We pass children every day who have life stories full of suffering, and who bravely take on their plight doing the best they can. Some we've befriended, give casual high-fives at a stop light choosing not to cry outright at the fact that they work for pennies on a dangerous, heavily trafficked intersection without shoes, without good nutrition, without water on a hot day, without a home to return to. Yet it took an encounter with a child not yet hardened by his situation to rattle me out of my numbness. And I've had a hard time getting the tears to stop falling ever since.

Kids should not have to work for change. Children should not have to be left alone in the street fending for themselves, should not have to be alone and scared as darkness falls in an unfamiliar city. Families should not have to be forced to make the choice to send their oldest to the city to work as an indentured servant for some form of income when the crops don't come in. School children should not have to sit with growling stomachs, babies should not have to have fevers untreated. Young men should not have to live like invalids because they didn't have basic health care to prevent a catastrophic stroke. Injustice does not just live in Haiti.. but its more inescapable here. The reality of suffering is all around us every day.

It is hard to look suffering in the eye and not have an immediate solution, not have the money, the pills, the house, the education, the structures needed to say, "here, I can make it better." It is really hard not to say, "come home with me, it will be ok" when that suffering you see is in the face of a little boy in your car window, tears streaming down his face, a backpack on his back, looking like he got lost walking home from school. What we can do is be a friend, be willing to do what we can every day. We can accompany that scared boy to the police station, be an advocate in a complicated system. We can give a cookie or a pair of shoes when we have them. We tell a joke, hold a hand, listen to stories, laugh, work in our little corners of knowledge for a better overall system of outreach. Some days it never feels like enough, but what is important is that we keep doing it, time after time. There are always 5 more kids at the intersection waiting.

I can choose to feel helpless, choose to sink into despair or rise with hope that maybe our love can make a difference in some small way. I pray that the small things we do day after day are a part of a series of events. I settle on believing that we don't work alone, but as a community of people all doing our tiny share in order to bring about bigger change. I pray that the police commissioner last night took Gito under her protective arm, gave him shelter, reassured him despite his harsh surroundings. I pray a shelter he slept in helped him eventually reunite with his family in the country, that through one hand held after another he was able to get home. I have to trust in that unseen community, knowing full well sometimes it doesn't work, but often it does.

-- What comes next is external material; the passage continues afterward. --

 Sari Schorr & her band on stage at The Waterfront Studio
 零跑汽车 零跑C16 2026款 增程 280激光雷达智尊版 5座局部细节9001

When I'm frustrated with my own limitations, I have to remind myself that we can't do it all on our own. We trust in strangers, we trust in structures, we trust in community and in the fact that our own efforts are augmenting a larger community movement underway to bring about change. I trust that if we call out, our voice will eventually be heard. By someone. Even if that someone doesn't have all the solutions to end the suffering. Because we are not alone. We must answer calls when heard. The hard part is living with the limitations of your abilities. Is holding hands enough? Some days it has to be. And with enough hands reaching out, it will be.

1 comment:

  1. You are in my prayers as you face the realities and hold onto hope. I am so grateful for your presence and for the small things you are able to do with great love and for your reflections on the joys and challenges of serving God in Haiti.